President Bashar al-Assad on his inauguration on Thursday is expected to play the role of "victor" while trying to win over war-weary Syrians and those fearful of jihadist advances.
Analysts say Assad, who was swept back to power in a June 3 election slammed as a "farce" by the opposition, will also try to convince the West his regime is a bulwark against the extremist Islamic State (IS) which is sowing terror in Syria and Iraq.
"Assad wants to consolidate his image as the victor" in the regime's bid to crush a three-year rebellion, said Khattar Abou Diab, Paris-Sud University professor of international relations.

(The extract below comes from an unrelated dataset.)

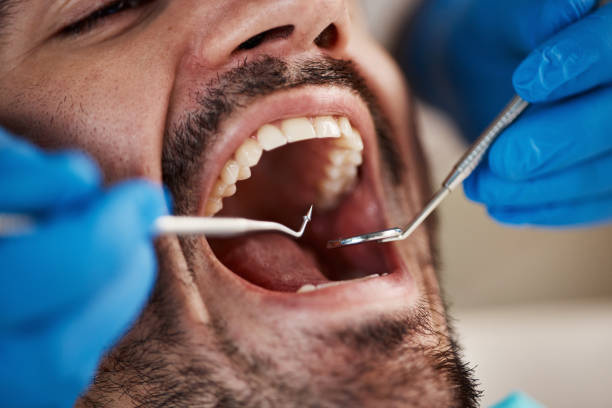 Best Emergency Wisdom Tooth Extraction in Chandler, TX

The inauguration "will be a show of defiance against countries that demanded his ouster" ever since the outbreak of a popular revolt in March 2011, Abou Diab said.
Three years on, according to Bassam Abu Abdallah, an expert close to the regime in Damascus, the question of Assad's ouster is "no longer on the cards".
Abu Abdallah, who directs the Damascus Centre for Strategic Studies, said: "Even the Americans, the Saudis and the Qataris (who back the revolt) are no longer calling for that."
- 'Semblance of legitimacy' -
A veteran opposition figure and member of the exiled National Coalition, Samir Nashar, said: "Bashar al-Assad continues to claim he is a legitimate president despite the victims and the massacres ... He is holding on to a semblance of legitimacy.
"His message is clear: he will not leave power at any price."
For the past year, the anti-Assad rebellion has suffered a string of defeats on the battlefield.
Opposition fighters lost control of bastions in the heart of Homs city, Damascus province and east of Aleppo city in the north.
Regime troops have made advances around Aleppo in recent weeks, pressing a bid to besiege the rebels.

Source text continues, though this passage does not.